RECORDS TO USE below:

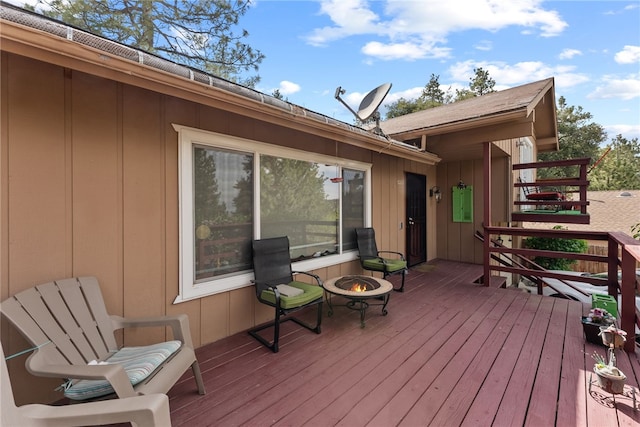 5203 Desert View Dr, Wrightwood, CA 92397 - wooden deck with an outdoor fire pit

End of RECORDS TO USE.
RECORDS TO USE below:

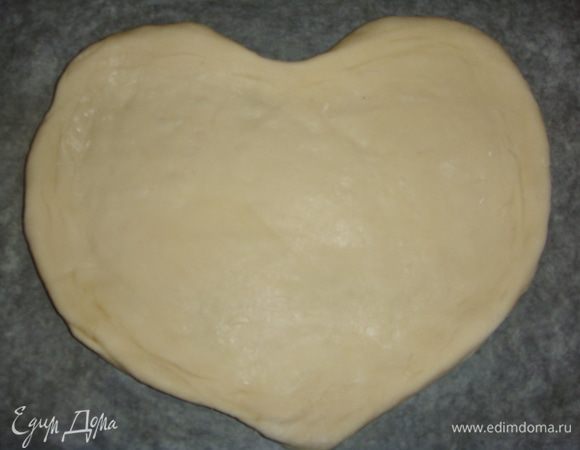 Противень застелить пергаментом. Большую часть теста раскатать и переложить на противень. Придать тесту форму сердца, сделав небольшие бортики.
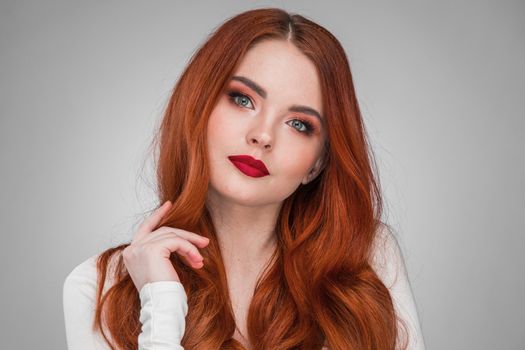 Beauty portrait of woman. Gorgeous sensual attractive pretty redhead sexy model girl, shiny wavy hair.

End of RECORDS TO USE.

▸ WHAT IS NEEDED
Quote the data above exactly from the line with "Противень застелить пергаментом." to the line with "Beauty portrait of", both ends counted, and nothing else. Pictures don't go in.

▸ REPLY
 Противень застелить пергаментом. Большую часть теста раскатать и переложить на противень. Придать тесту форму сердца, сделав небольшие бортики.
 Beauty portrait of woman. Gorgeous sensual attractive pretty redhead sexy model girl, shiny wavy hair.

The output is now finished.